Durante le oltre trenta ore trascorse nella ex centrale energetica di F’hain abbiamo potuto apprezzare lo showcase della PAN Records di Bill Kouligas di cui sottolineiamo: un istrionico e geniale Mark Fell ha messo in scena una parodia della Rave Culture servendosi di tre pupazzi gonfiabili giaganti, mentre Florian Hecker ha sonorizzato contemporaneamente tutte le stanze del Berghain sperimentando diverse tipologie di surround; l’arte modulare di Keith Fullerton Withman ci ha estasiati (putroppo niente video come da politica del club), ed anche Lee Gamble, in versione dance oriented, non è stato male.

Del giovedì, invece, vale giusto la pena di confermare la piacevolezza dello show di Kuedo che, nonostante non abbia ancora prodotto nuovi inediti, se ascoltato con un impianto come si deve continua a brillare.
Venerdì l’Inghilterra conquista il tempio del sound teutonico a cominciare da Samuel Kerridge live tra angoscia e paranoia, cui segue un set spiazzante di Shed, il quale per una volta mette da parte il rigore ritmico marziale e il dub meccanico in favore di early rave made in Uk, come se dovesse fare l’apertura a Mark Archer, peccato però che dopo di lui ci siano due performance d’ascolto, Powell (quando sarà pronto il live?) ed Evol (il Raster Noton inutile).
Al Panoramabar, diventato invivibile con modelle e fighetti in cocaina, andiamo solo per Schackleton featuring Monolake; per la serie tutto quello che avreste voluto sapere sul basso e non avete mai osato ascoltare!
C’era molta curiosità intorno alla performance di Andy Stott e, seppure come per Kuedo non ci si sia allontanati troppo dalla scaletta del long playing, il risultato è affascinante, da ballare e sognare.
All’alba tocca ad uno dei nostri eroi preferiti, un vero prime-mover che ha dominato nei ’90: Mark Archer!
Rimasto fedele al verbo della vecchia scuola l’ex Altern-8 sconvolge il dancefloor trasformando il Berghain nell’Hacienda, da Berlino a Madchester applausi a scena aperta, tricks & scratch, e ricordi del DeeJay Time 1991.

Povera Lower Oder Ethics a dover suonare dopo di lui!
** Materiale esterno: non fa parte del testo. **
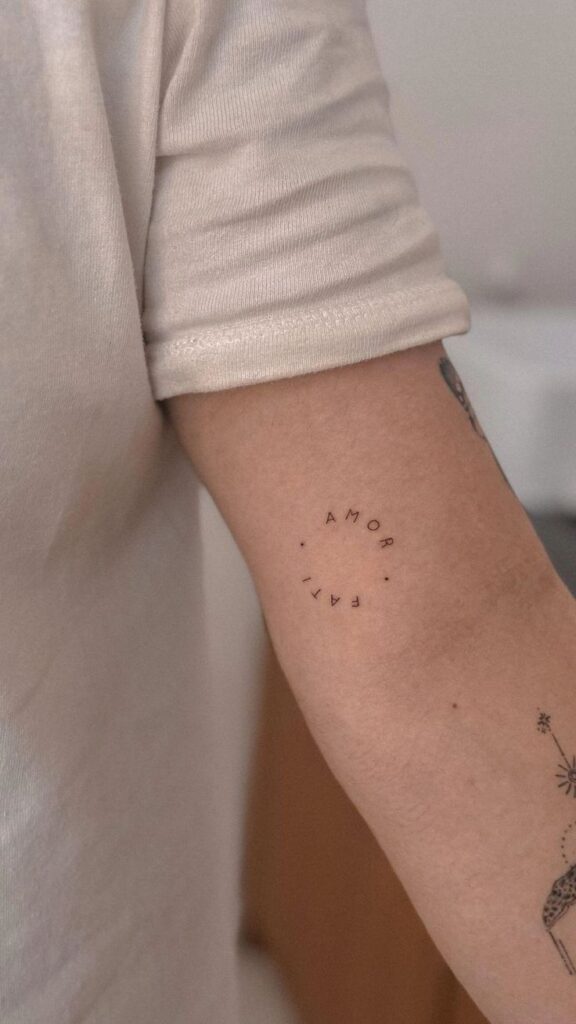 Minimalist arm tattoo reading amor fati in a circular pattern on a person's arm.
Ottima selezione techno dark e post punk ma lo stacco è davvero netto!
Il sabato pomeriggio finalmente un evento al di fuori dei soliti circuiti: nella suggestiva cornice della Funkhaus Nalepastrasse a Karls Horst, ex sede della Compagnia Radiofonica della DDR, i concerti di Frank Bretschneider della Raster Noton e l’anteprima mondiale di Biosphere & The Pitch alle prese con il Subharchord, un sintetizzatore costruito in Germania Est negli anni ’60 e di cui esistono sette esemplari al mondo.

Per la notte si torna al Berghain per una furiosa dodici ore, dalle 03.00 alle 15.00.
Il benvenuto ce lo da il granitico Sigha per poi salire di livello con il live di James Ruskin che sfocia nel set degli O/V/R insieme all’amico Regis. Quattro ore di catene industriali e chiodi nella carne.
Ma chi ci ha stupito più di tutti è stato un rinato Luke Slater con il moniker Planetary Assault Systems. Una panoramica di ciò che è la techno dagli anni ’90 ad oggi, con un gusto da fuori classe impiegando vinili, cd e penne usb. Un Maestro.
L’ultima sequenza di dischi ce la regala Dj Pete aka Substance, una delle menti della Basic Channel. Il suo è un viaggio cosmico in cui si diverte a fare l’autoscontro tra gli asteroidi.
Tirando le somme questa CTM 2013 ha avuto ottimi argomenti per sostenere la supremazia berlinese, ma occorre impegnarsi molto di più affinchè la Golden Age non sia solo un qualcosa da guardare con nostalgia.